January 6th, 2008 at 8:35 pm
Ian
It seems as though you’re putting distance between Huckabee and “substance, policy and reason…” But, this could be said, by anyone, about any of the candidates - Republican or Democrat. And, the means by which those criteria are evaluated would be biased, at the get go, by whether the “observer” is disposed to see wisdom as residing with “big government,” or alternatively with “We, the People.”
Even the term, “observers,” - as used by the observers, themselves - is usually code for “chattering class,” or those who by family or fortune have more time on their hands which they can call their own. In fewer cases (like my own), the time is a direct result of sacrificing hours which could otherwise be employed toward personal gain.
The term “superficial,” as used in your commentary seems to refer to anyone who dares to vary from the traditional party line. One moment you’re saying that Huckabee’s “economics” populism is being taken seriously, yet then you say it’s as real as someother candidate’s of “driving around in a pickup truck”?
How confused are YOU?!
What sets Huckabee apart is that he’s a Washington outsider with a TRULY populist message. And it’s because the “economics” of Washington-as-usual (tax code modifications by lobbyist/money; congressional spending without responsibility) has not only failed, but are taking us into recession and potentially dire currency failure!

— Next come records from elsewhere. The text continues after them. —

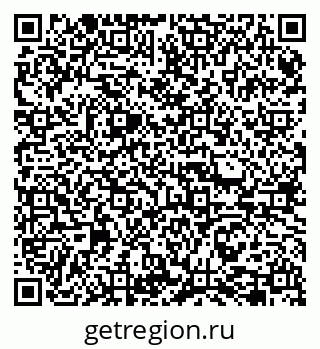79065742492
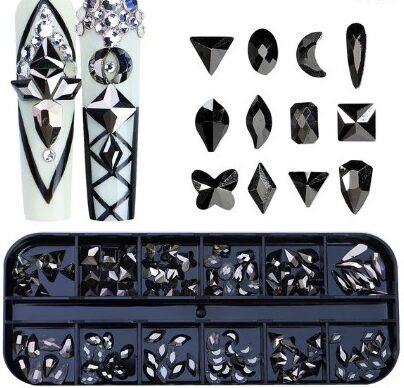 kit da 12 02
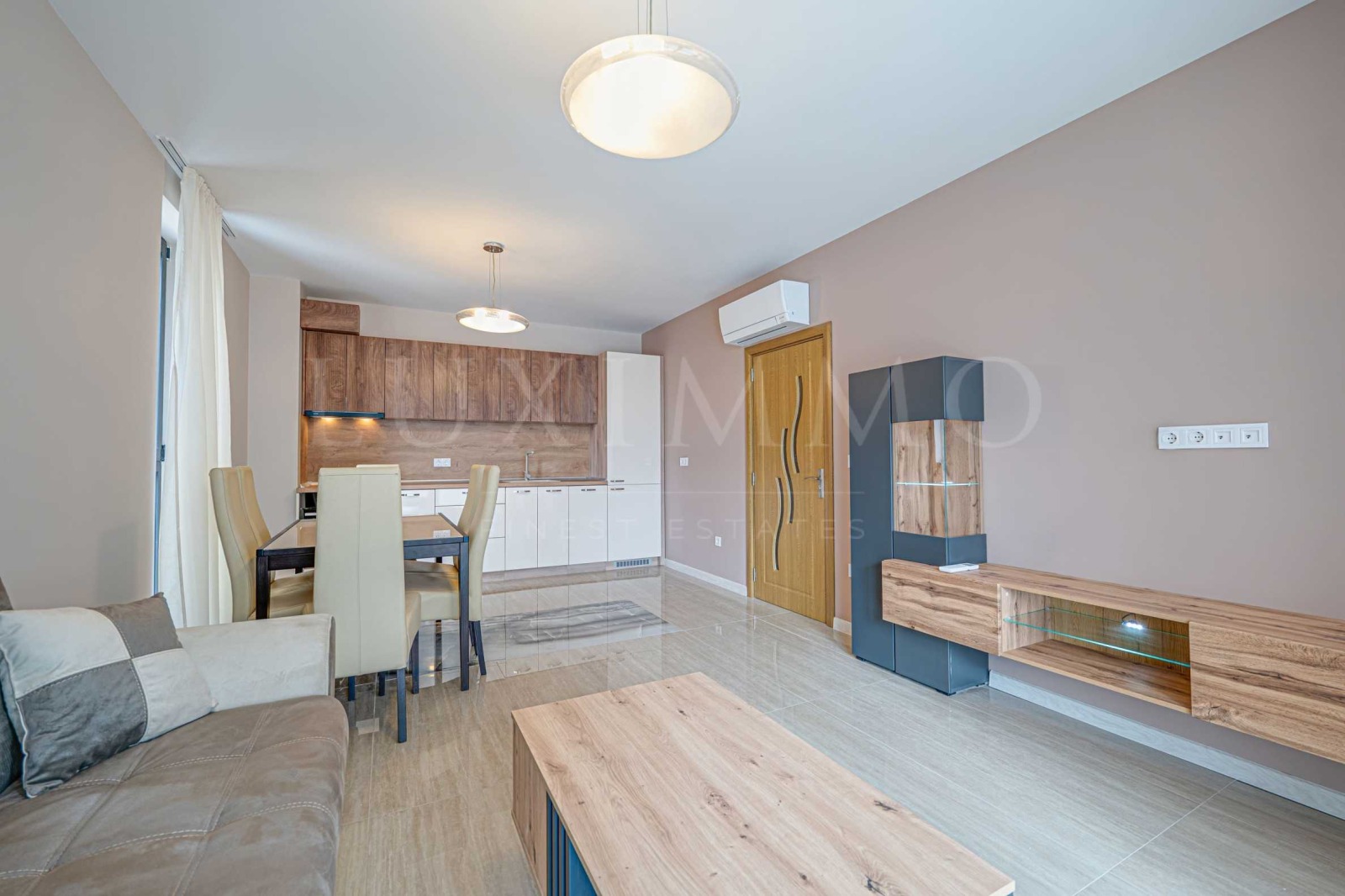 ���� ��� ���� 3-����� | Imot.bg � ����������� 2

Huckabee is the ONLY candidate who supports enactment of a consumption tax, eliminating a major part of the problem - the income tax system that has been used more for political gain, than for healthful fiscal management. It’s a system that sets up, and benefits, a privileged class (of whom Mitt Romney is a member - together with those members of Congress who look forward to a seeking a nice post-Washington life as a lobbyist seeking preferential treatment for their clients under the tax code, among other things).
However, the problem are those who keep talking out of their backsides who are disconnected from the working world of, God forbid, ordinary working people (who - by slur, or implication, are unable to properly care for themselves and their families without some type of government intervenor - precisely how “liberal” politicians like things to be seen to reinforce their guilty-conscience-laden sense of raison d’etre).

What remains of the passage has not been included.